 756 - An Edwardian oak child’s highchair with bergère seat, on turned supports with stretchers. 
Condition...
...
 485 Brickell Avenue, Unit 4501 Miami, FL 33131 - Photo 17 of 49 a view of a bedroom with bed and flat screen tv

Task requirements. Where in the listing does the string "with" appear? Copy every line that has it.

Reply.
 756 - An Edwardian oak child’s highchair with bergère seat, on turned supports with stretchers. 
 485 Brickell Avenue, Unit 4501 Miami, FL 33131 - Photo 17 of 49 a view of a bedroom with bed and flat screen tv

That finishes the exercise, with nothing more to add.